Le degré de maîtrise de la langue «a un impact considérable» sur l'accès à l'emploi selon une étude de la Commission européenne.

Autre conclusion de cette étude, les réfugiés sont les plus enclins à se faire naturaliser.

Autre conclusion de cette étude, les réfugiés sont les plus enclins à se faire naturaliser.

photo: AFP

Les réfugiés vivant dans l'Union européenne peuvent mettre «jusqu'à vingt ans» pour atteindre un taux d'emploi similaire à celui des natifs de leur pays d'accueil, selon une note de travail publiée mercredi. La maîtrise de la langue est essentielle.

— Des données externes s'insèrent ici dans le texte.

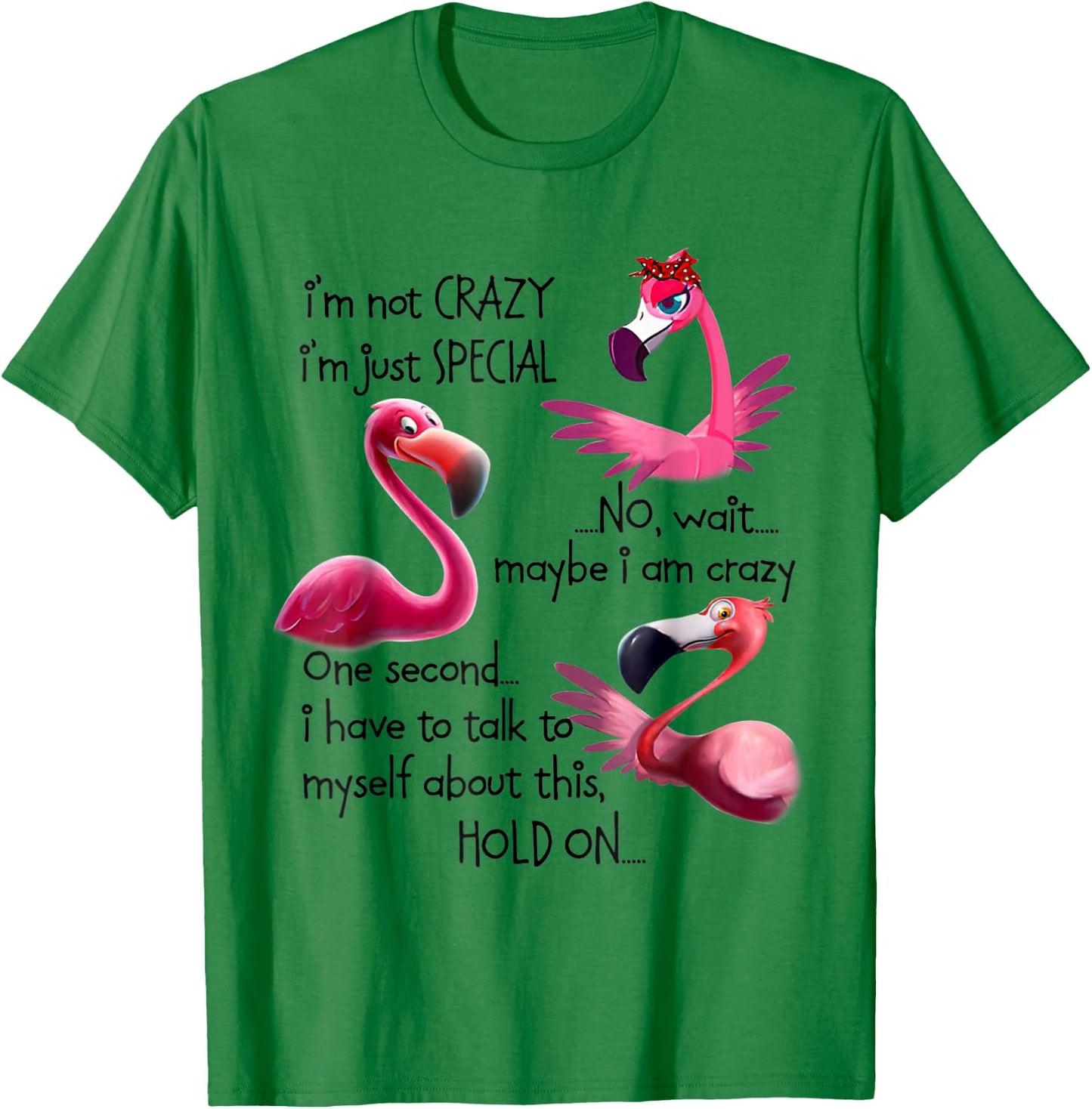 I'm Not Crazy I'm Just Special Funny Flamingo Saying T-Shirt - T-Shirt | Irish Green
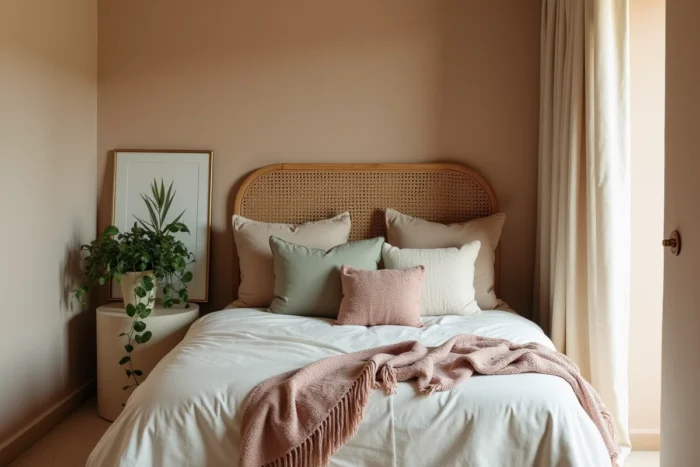 Chambre cocooning avec tête de lit en rotin, linge de lit en lin texturé et touches de couleurs douces pour une déco tendance et apaisante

«Dans les cinq années suivant l'installation, seul un réfugié sur quatre a un emploi», soit le niveau le plus faible de tous les groupes de migrants. «Après dix ans, ce taux d'emploi atteint 56%» en moyenne, souligne ce document de la Commission européenne et de l'OCDE portant sur «les réfugiés et le marché du travail en Europe».

Le degré de maîtrise de la langue du pays d'accueil «a un impact considérable» sur l'accès à l'emploi, «et ce, quel que soit le niveau d'éducation», ajoute le texte réalisé sur la base de données collectées avant la vague de réfugiés de 2014 et 2015. Apprendre la langue très tôt

Dans ce contexte, il est probable que «porter le degré de maîtrise linguistique des réfugiés à un niveau intermédiaire entraîne des progrès importants de leur taux d'activité». Entre un réfugié de niveau «débutant» et un de niveau «intermédiaire», le taux d'emploi bondit en effet de 28 points.

Et si les réfugiés, c'est-à-dire ayant obtenu le statut officiel, maîtrisaient aussi bien la langue locale que les natifs du pays, leur taux d'emploi serait dopé de dix points, ajoute le document.

C'est pourquoi «investir tôt dans la maîtrise de la langue pourrait être l'une des mesures les plus rentables pour intégrer les réfugiés et leur permettre de capitaliser pleinement sur leur formation académique, contribuant ainsi à la société», ajoute la note.

Réfugiés surqualifiés

Par ailleurs, les réfugiés «ont bien plus de risque d'être surqualifiés que les autres migrants»: c'est le cas de près de 60% des réfugiés diplômés du supérieur.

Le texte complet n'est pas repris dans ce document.